Recorded information

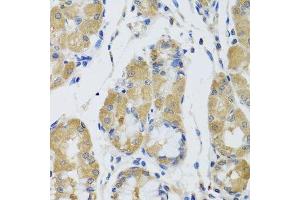 Immunohistochemistry of paraffin-embedded human stomach using STK4 antibody. (STK4 抗体  (AA 303-487))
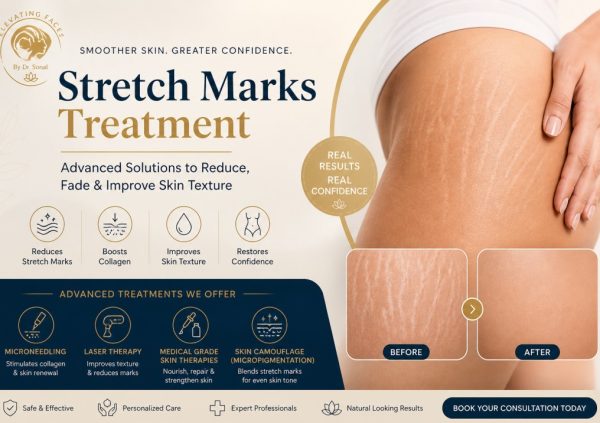 Strech Marks Treatment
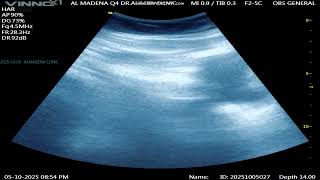  GYN : PT +VE  ,BLEEDING , NO SAC  2025 10 05 20 49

What to work on
Return the listing verbatim, pictures excluded.

Response to this task
 Immunohistochemistry of paraffin-embedded human stomach using STK4 antibody. (STK4 抗体  (AA 303-487))
 Strech Marks Treatment
  GYN : PT +VE  ,BLEEDING , NO SAC  2025 10 05 20 49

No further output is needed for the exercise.